▼

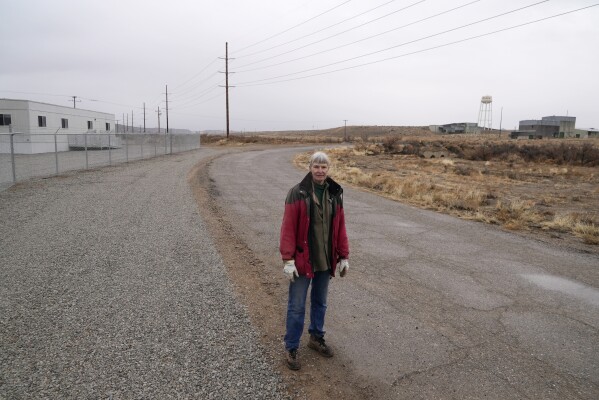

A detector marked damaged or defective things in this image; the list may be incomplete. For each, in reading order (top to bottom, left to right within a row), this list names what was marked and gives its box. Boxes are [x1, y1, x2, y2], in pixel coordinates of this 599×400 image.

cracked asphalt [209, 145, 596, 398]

▲
▼

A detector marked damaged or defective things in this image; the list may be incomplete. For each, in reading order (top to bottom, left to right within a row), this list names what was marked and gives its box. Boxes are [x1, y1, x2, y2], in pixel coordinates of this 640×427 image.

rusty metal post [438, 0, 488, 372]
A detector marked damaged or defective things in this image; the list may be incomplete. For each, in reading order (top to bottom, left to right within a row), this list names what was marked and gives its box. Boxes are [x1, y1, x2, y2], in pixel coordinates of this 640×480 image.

▲

What the task asks
Transcribe, exactly and without additions, the lines of the records above, beginning with the line that contains "this 640×427 image." and ending with the line that contains "this 640×480 image.", both included.

Solved problem
A detector marked damaged or defective things in this image; the list may be incomplete. For each, in reading order (top to bottom, left to right within a row), this list names what was marked and gives its box. Boxes are [x1, y1, x2, y2], in pixel coordinates of this 640×427 image.

rusty metal post [438, 0, 488, 372]
A detector marked damaged or defective things in this image; the list may be incomplete. For each, in reading order (top to bottom, left to right within a row), this list names what was marked and gives its box. Boxes are [x1, y1, x2, y2], in pixel coordinates of this 640×480 image.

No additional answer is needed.